Every WAL record carries a Log Sequence Number (LSN) that is exactly a Lamport-style monotonic counter measured in bytes from the start of the log. Replicas pull WAL by LSN, point in time recovery rewinds to a specific LSN, and physical replication slots track LSNs to know how much WAL the primary can recycle.

For more on the general pattern of writing to a log first, the Write-Ahead Log distributed systems pattern post covers it from a different angle. The Postgres specific reference is the WAL Internals chapter.
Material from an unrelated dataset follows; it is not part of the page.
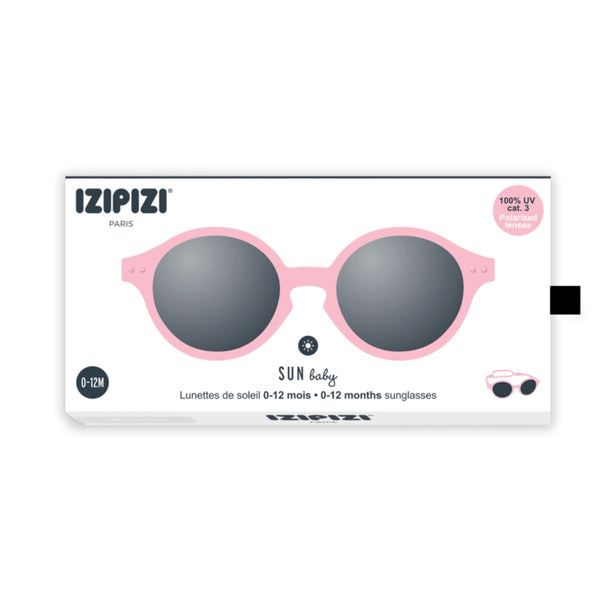 Sonnenbrille mit Polarisation Baby D 0-9 Monate - Pastel Pink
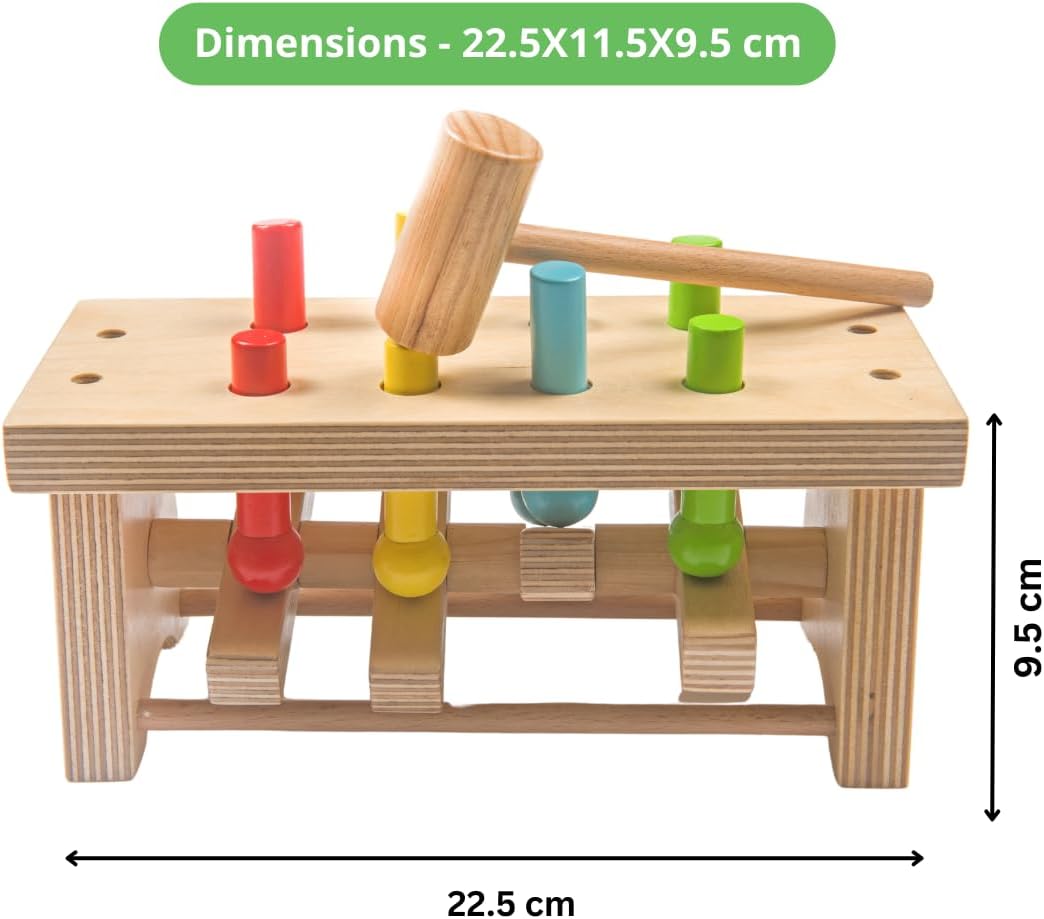 Nesta Toys Pounding Bench with Hammer for Kids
If you are using the WAL through logical replication (for example, to stream a transactional outbox table to Kafka with Debezium), the Debezium and outbox database impact analysis walks through the CPU, memory, and WAL retention costs in detail.

A useful trio of WAL related GUCs:

Setting	What it controls
`wal_level`	minimal / replica / logical. Determines how much info is logged for replication
`wal_buffers`	size of the in-memory WAL buffer (defaults to `1/32` of `shared_buffers`)
`synchronous_commit`	`on` waits for fsync, `off` returns early (faster but loses last few ms on crash)
`checkpoint_timeout`	how often the checkpointer runs (default 5 minutes)
`max_wal_size`	soft cap on WAL between checkpoints

Tuning is documented in WAL Configuration.

Putting It All Together: A SELECT, End to End

Let us walk through one query and tag every component we have discussed.

SELECT u.id, u.name, COUNT(o.id) AS orders
FROM users u
JOIN orders o ON o.user_id = u.id
WHERE u.created_at > '2026-01-01'
GROUP BY u.id, u.name
ORDER BY orders DESC
LIMIT 10;

Postmaster has long since forked your backend when the connection opened.
The SQL bytes arrive on the socket. The parser lexes, parses, and analyses them, producing a Query node with two range table entries and a join tree.
The rewriter runs. No views referenced, so the tree is unchanged.
The planner generates paths.
- For users: index scan on created_at (if such index exists) vs sequential scan. With statistics saying 5 percent of users rows are after Jan 1 2026, an index scan looks cheaper.
- For orders: estimate it has many rows per user. Hash join with users as build side wins.
- Aggregation: hash aggregate by (u.id, u.name).
- Final sort + limit on orders DESC.
The executor starts pulling rows from the root.
- Limit calls Sort.
- Sort calls HashAggregate.
- HashAggregate calls HashJoin.
- HashJoin calls IndexScan on users to build the hash table, then SeqScan on orders to probe.
- Each leaf node asks the shared buffer pool for pages. Misses go to disk.
- If Sort overflows work_mem, it spills to a temporary file under pg_tmp.
Rows stream out of Limit 10 at a time, are formatted by the wire protocol, and sent back to the client.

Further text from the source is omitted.